PSALMS OF THE BRETHREN
Canto I.
Psalms of Single Verses
XLI
Sirivaḍḍha
Translated from the Pali by Mrs. C.A.F. Rhys Davids.
Public Domain
[Pali]
He was reborn in this Buddha-age at Rājagaha, in the house of a prosperous brahmin. Previous causes induced him, when King Bimbisāra met the Master, to take orders, and he went to a certain forest near the hills Vebhāra and Paṇḍava, and there dwelt devoted to religious exercises. And there arose once a great storm, and the lightnings entered the cave.

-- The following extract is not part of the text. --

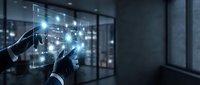 Businessman touching digital network interface with glowing connections in modern office environment for technology and innovation concepts.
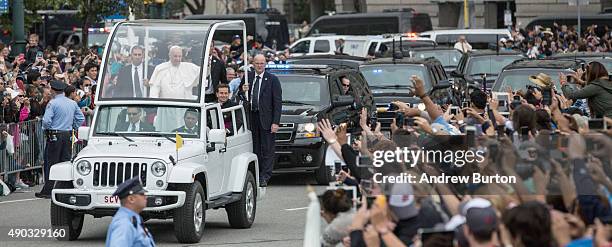 Pope Francis waves to the crowd from his popemobile while on his way to lead Mass at Benjamin Franklin Parkway on September 27, 2015 in Philadelphia,...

But the wind from the pregnant clouds assuaged the heat and fever oppressing the Thera, so that by the more suitable temperature his heart grew concentrated, and he was able to exercise such insight that he won arahantship. So he, with aññā as a pretext, broke forth into this utterance touching himself:
[41] The lightnings flash e'en in the rocky cave,
Smiting Vebhāra's crest and Paṇḍava,[1]
And, in the mountain-bosom hid, a child
Of that incomparable Master sits
Ardent in contemplative ecstasy.
[1] Two of the five crests in the group of hill-ranges rising above Rājagaha (Rājgir). The former name persists as Baibhāra or Vaibhāra (see illustration) [Ed.?], which rises to the East. The last line expands the one word jhāyati, a word meaning, in Pali, both 'burns' and 'meditates in jhāna.' Cf. verse 1, 167.